--- Supplied records ---
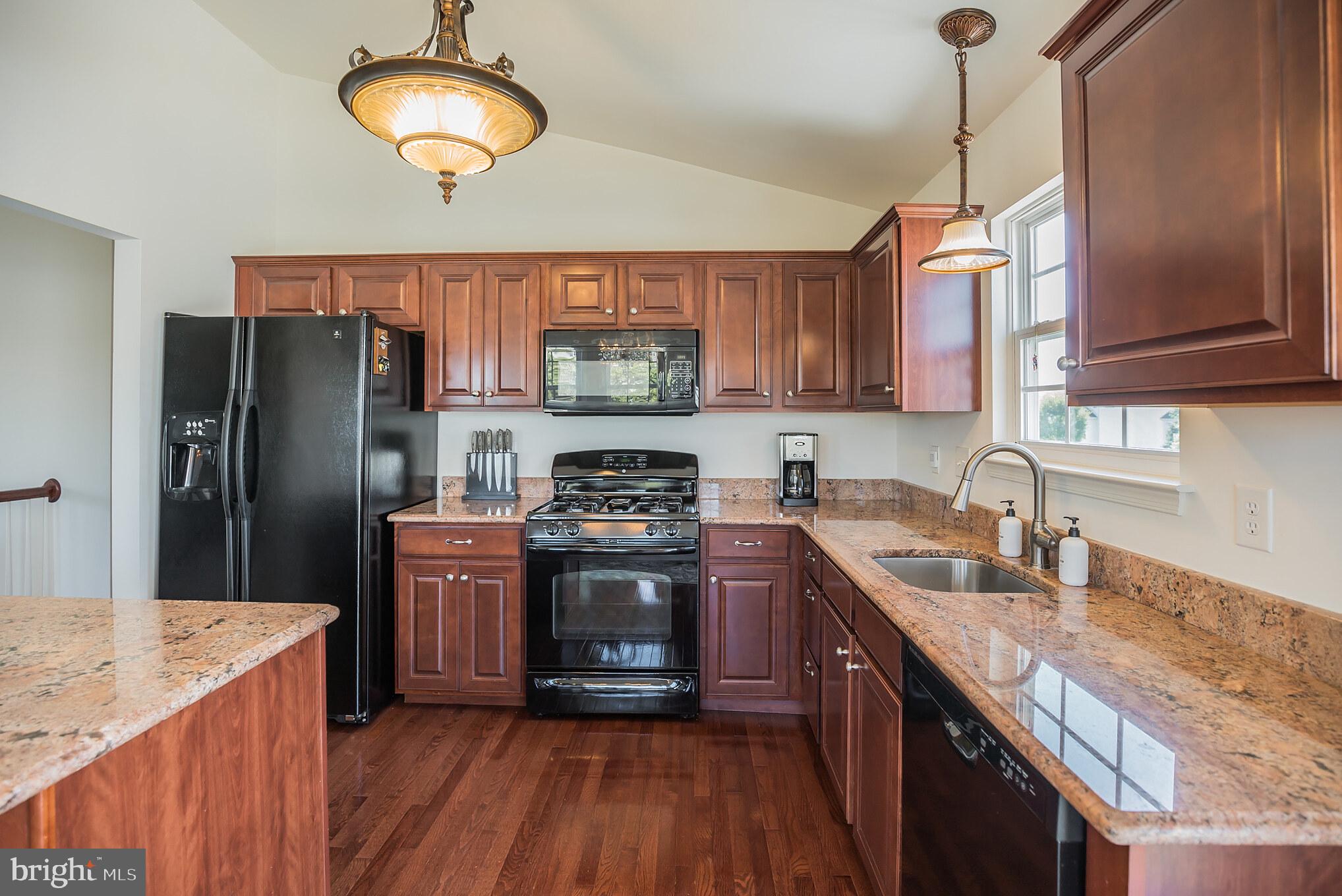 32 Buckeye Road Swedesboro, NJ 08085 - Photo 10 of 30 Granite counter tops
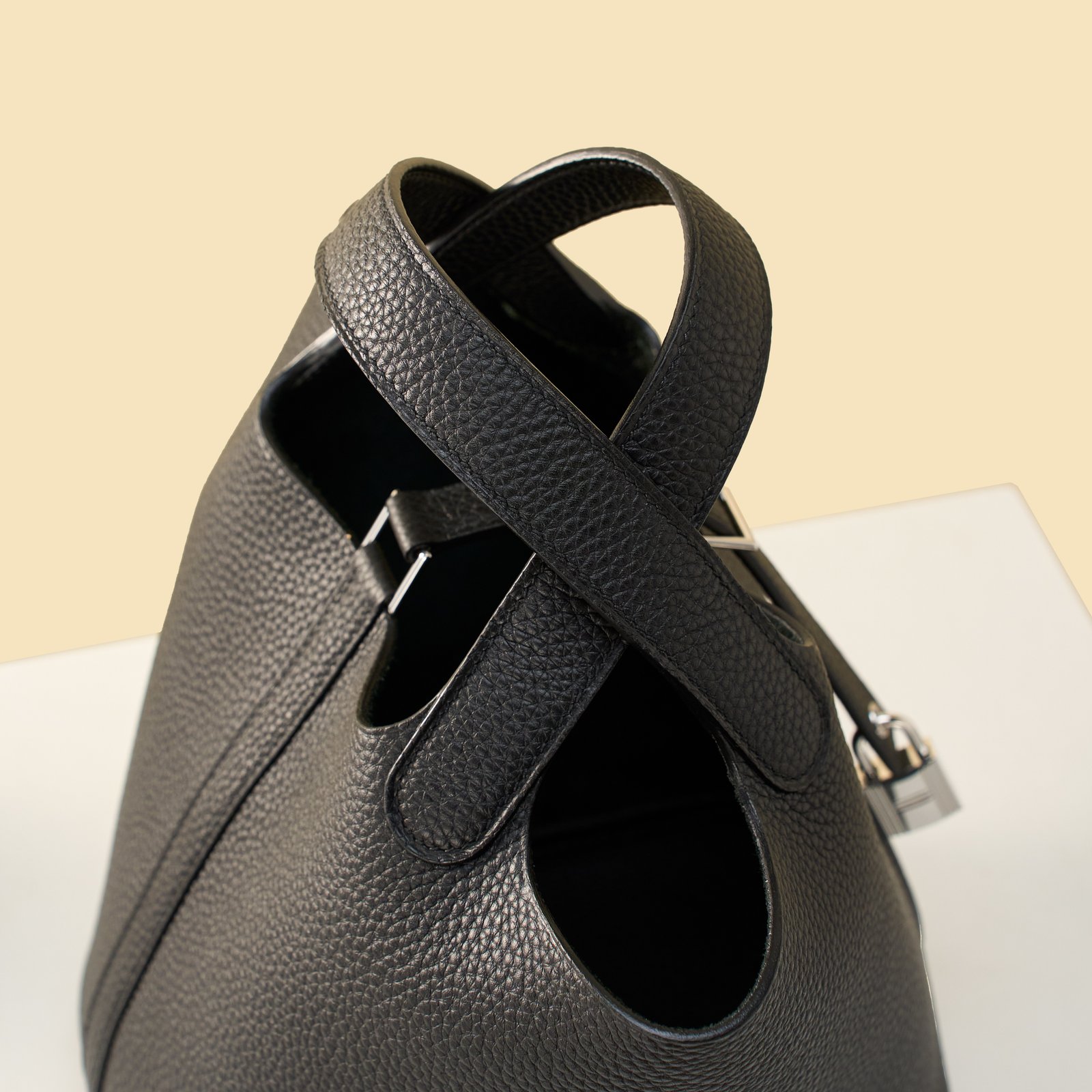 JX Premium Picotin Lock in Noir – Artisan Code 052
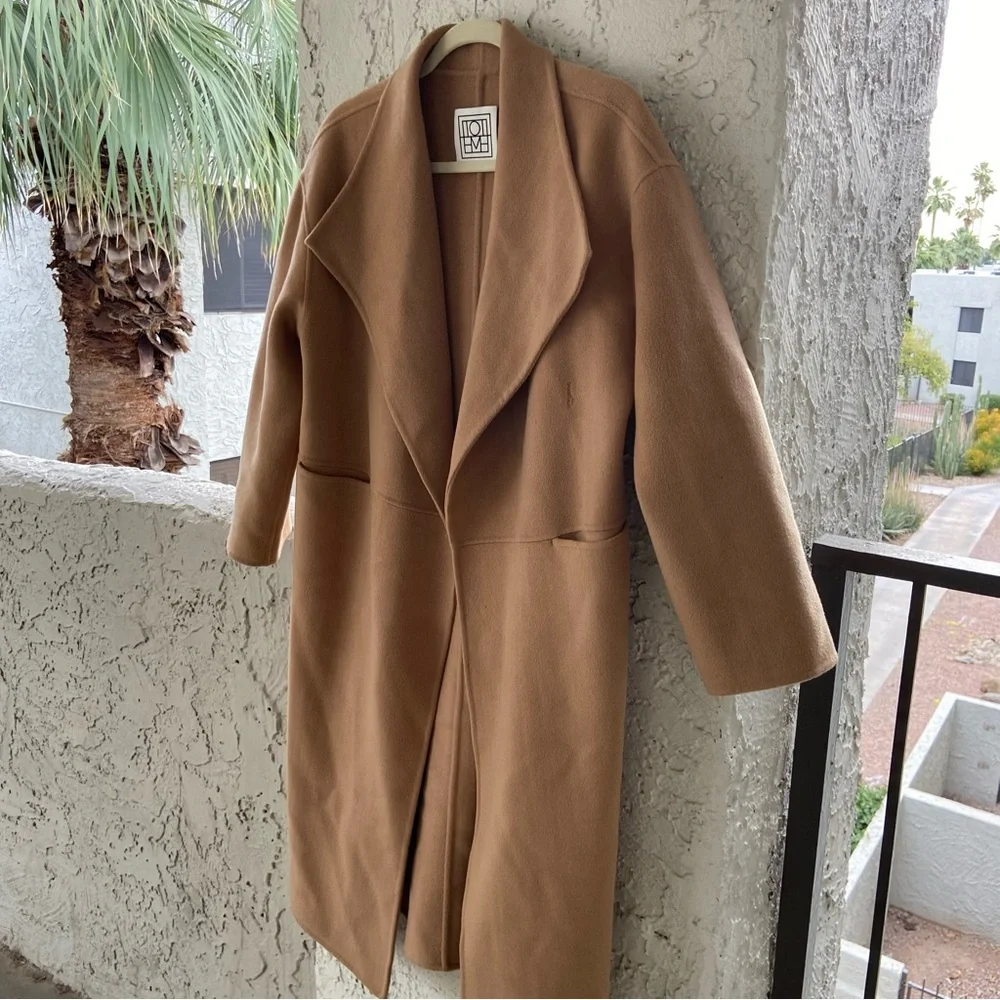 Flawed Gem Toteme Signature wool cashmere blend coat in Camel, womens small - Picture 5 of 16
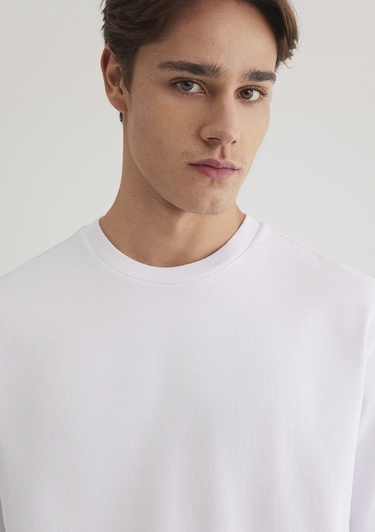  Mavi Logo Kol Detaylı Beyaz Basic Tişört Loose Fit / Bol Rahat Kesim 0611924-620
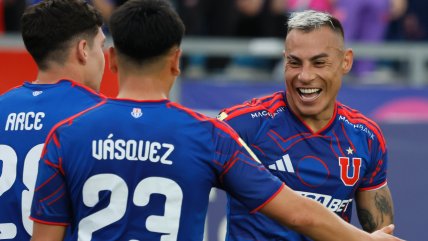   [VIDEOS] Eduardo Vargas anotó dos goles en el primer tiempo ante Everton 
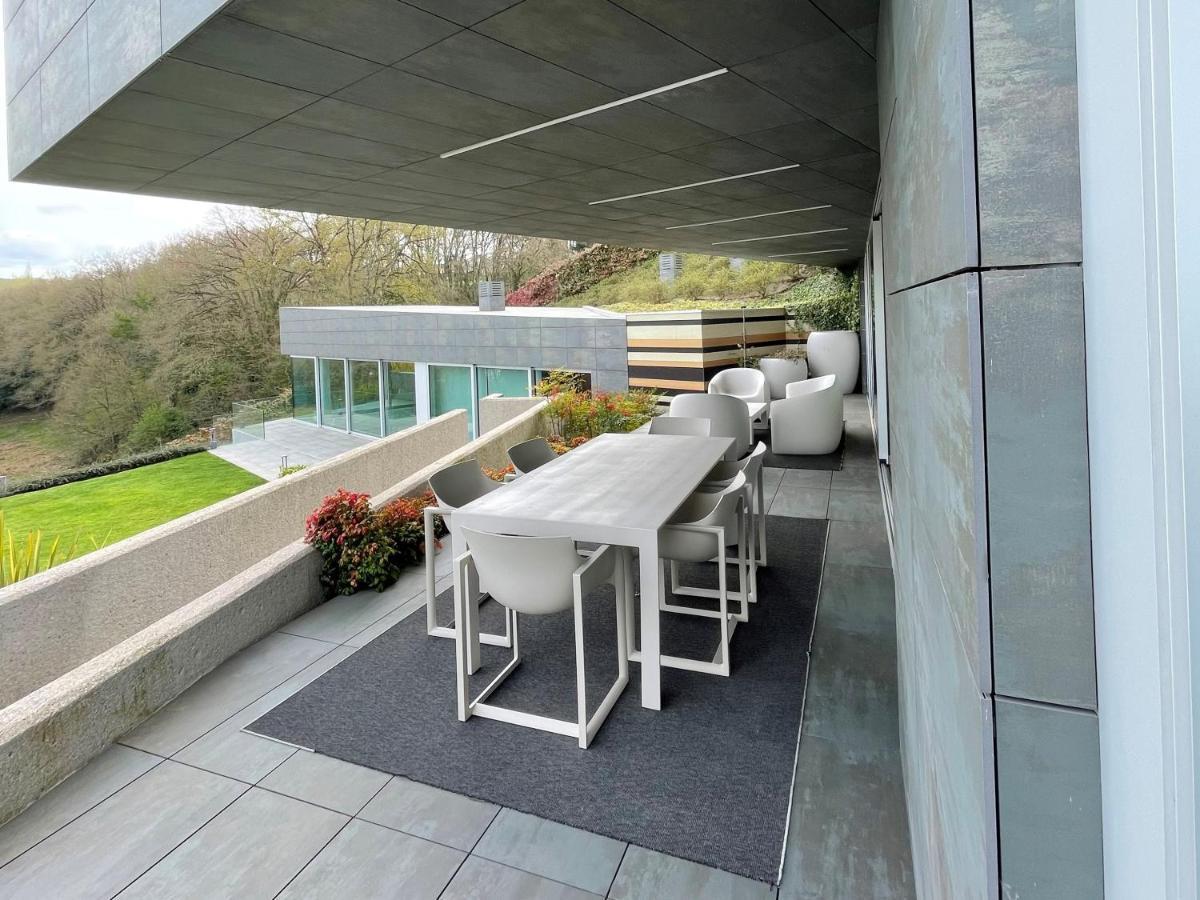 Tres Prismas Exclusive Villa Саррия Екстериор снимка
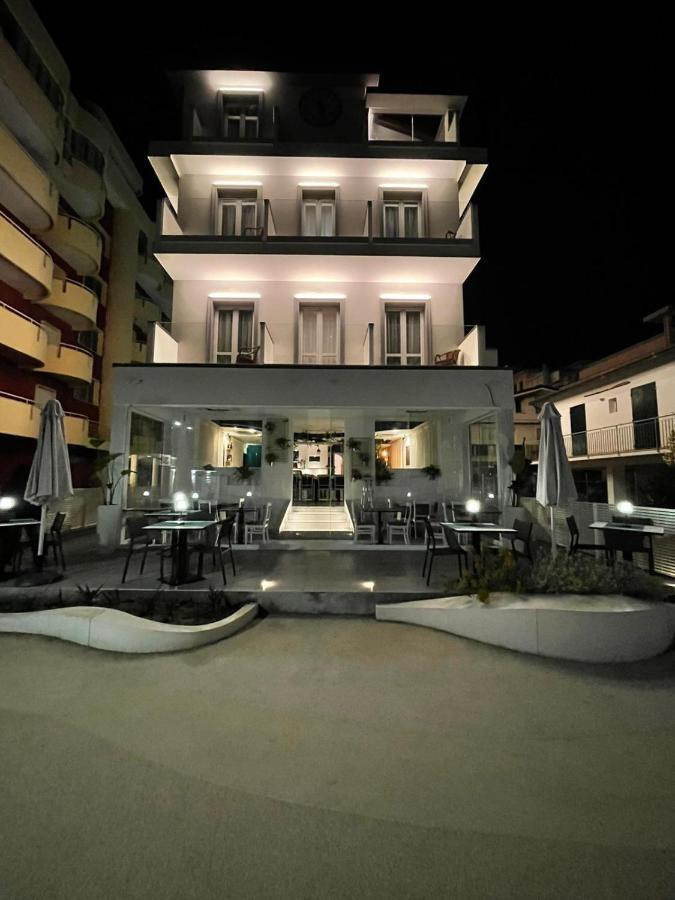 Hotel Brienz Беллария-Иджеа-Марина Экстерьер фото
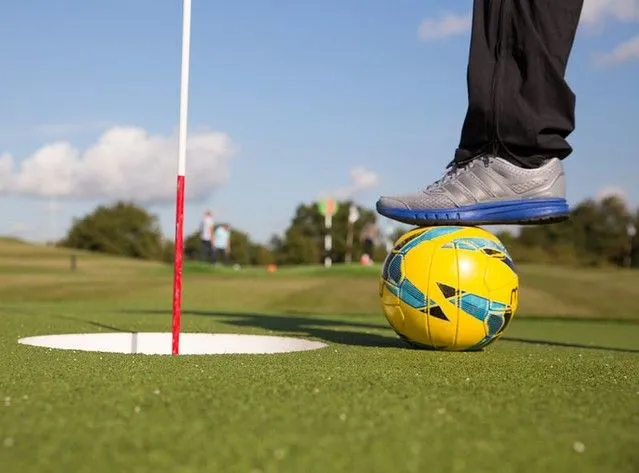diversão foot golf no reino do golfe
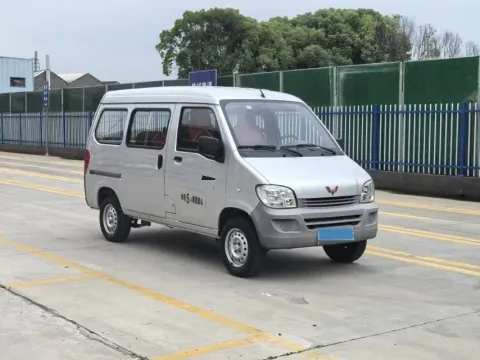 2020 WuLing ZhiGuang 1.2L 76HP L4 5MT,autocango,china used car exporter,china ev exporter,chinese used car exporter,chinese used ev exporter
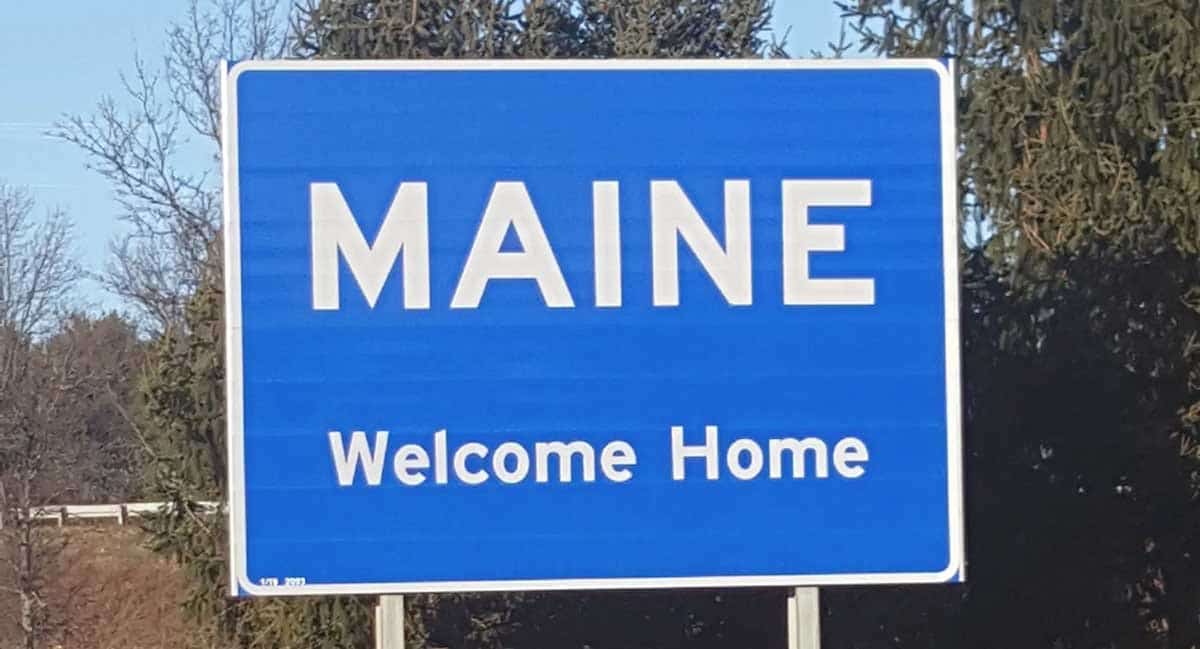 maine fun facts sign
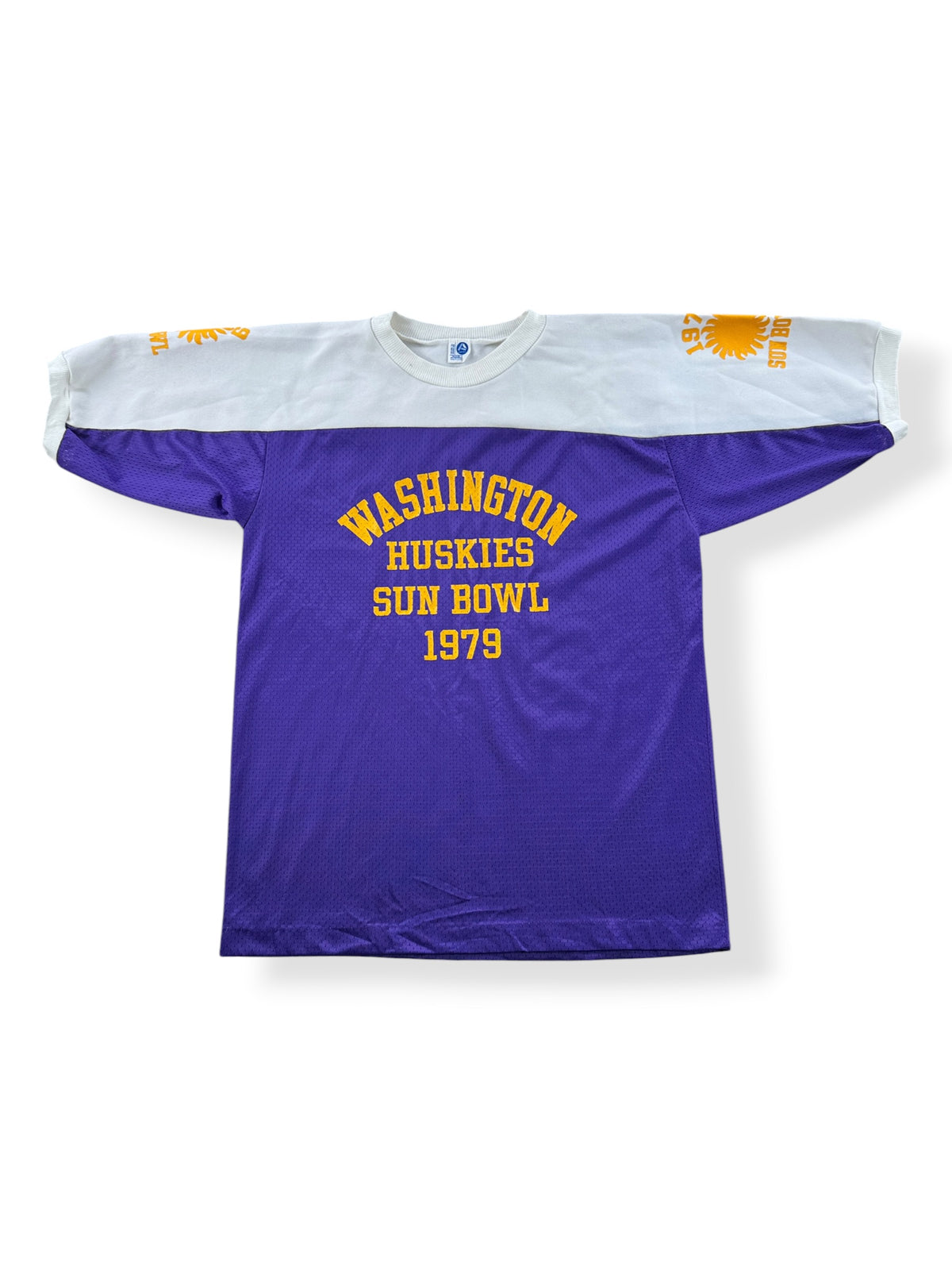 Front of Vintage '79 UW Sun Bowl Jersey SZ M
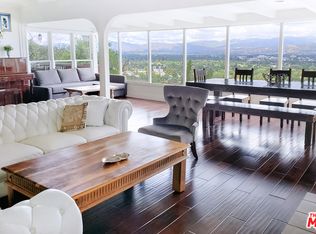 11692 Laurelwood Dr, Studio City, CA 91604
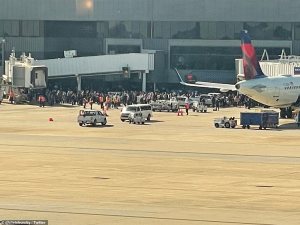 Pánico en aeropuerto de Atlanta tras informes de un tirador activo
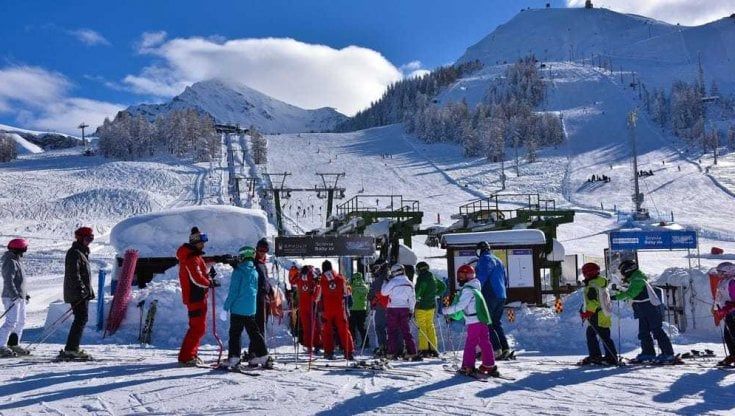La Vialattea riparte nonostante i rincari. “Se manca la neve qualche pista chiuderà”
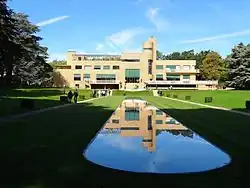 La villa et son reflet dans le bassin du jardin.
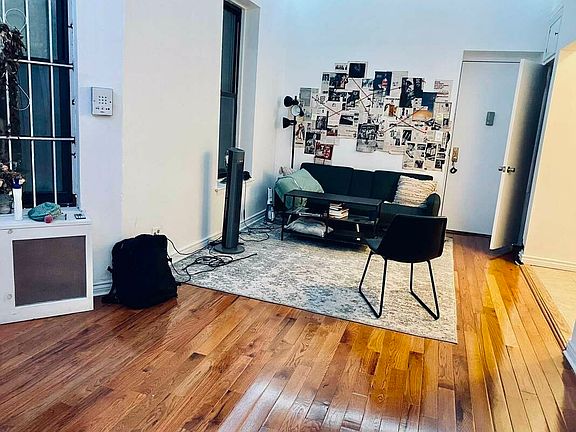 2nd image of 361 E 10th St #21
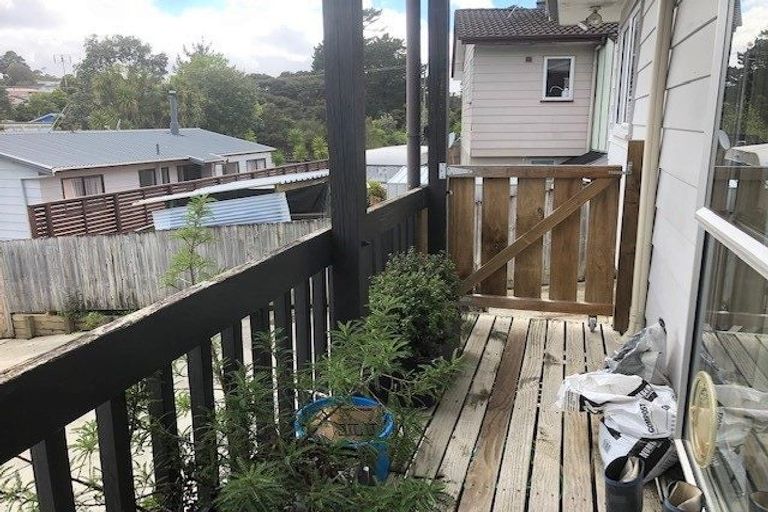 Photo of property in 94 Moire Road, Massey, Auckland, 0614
---
Every line of the listing should be repeated exactly; no picture should appear.

 32 Buckeye Road Swedesboro, NJ 08085 - Photo 10 of 30 Granite counter tops
 JX Premium Picotin Lock in Noir – Artisan Code 052
 Flawed Gem Toteme Signature wool cashmere blend coat in Camel, womens small - Picture 5 of 16
  Mavi Logo Kol Detaylı Beyaz Basic Tişört Loose Fit / Bol Rahat Kesim 0611924-620
   [VIDEOS] Eduardo Vargas anotó dos goles en el primer tiempo ante Everton 
 Tres Prismas Exclusive Villa Саррия Екстериор снимка
 Hotel Brienz Беллария-Иджеа-Марина Экстерьер фото
diversão foot golf no reino do golfe
 2020 WuLing ZhiGuang 1.2L 76HP L4 5MT,autocango,china used car exporter,china ev exporter,chinese used car exporter,chinese used ev exporter
 maine fun facts sign
 Front of Vintage '79 UW Sun Bowl Jersey SZ M
 11692 Laurelwood Dr, Studio City, CA 91604
 Pánico en aeropuerto de Atlanta tras informes de un tirador activo
La Vialattea riparte nonostante i rincari. “Se manca la neve qualche pista chiuderà”
 La villa et son reflet dans le bassin du jardin.
 2nd image of 361 E 10th St #21
 Photo of property in 94 Moire Road, Massey, Auckland, 0614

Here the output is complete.